**EXERCISE**
Pictures in the material below are to be left out, and only the lines from the line with "thumbnail image 3" up to and including the line with "La Canadienne 28394" are to be written out exactly.

**DATASET EXCERPTS**
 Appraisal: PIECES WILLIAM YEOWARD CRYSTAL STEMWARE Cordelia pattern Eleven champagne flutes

* * *

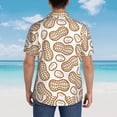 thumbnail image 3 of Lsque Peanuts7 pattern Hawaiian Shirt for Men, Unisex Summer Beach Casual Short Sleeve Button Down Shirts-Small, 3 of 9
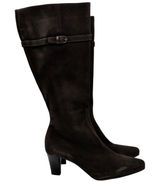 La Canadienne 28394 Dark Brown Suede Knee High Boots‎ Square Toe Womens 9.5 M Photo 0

---

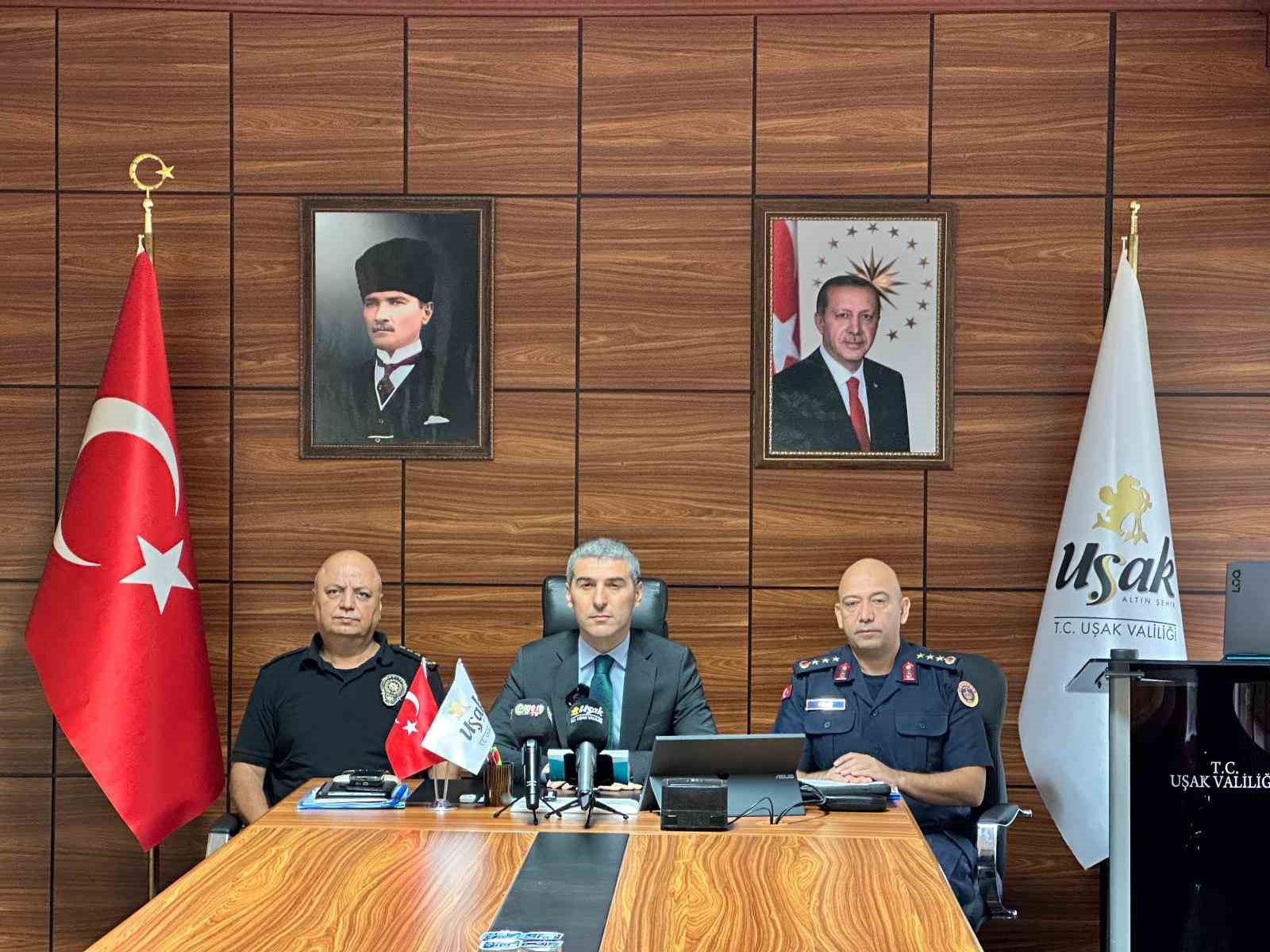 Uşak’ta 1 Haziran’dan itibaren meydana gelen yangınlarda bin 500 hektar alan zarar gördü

**THE ANSWER**
 thumbnail image 3 of Lsque Peanuts7 pattern Hawaiian Shirt for Men, Unisex Summer Beach Casual Short Sleeve Button Down Shirts-Small, 3 of 9
 La Canadienne 28394 Dark Brown Suede Knee High Boots‎ Square Toe Womens 9.5 M Photo 0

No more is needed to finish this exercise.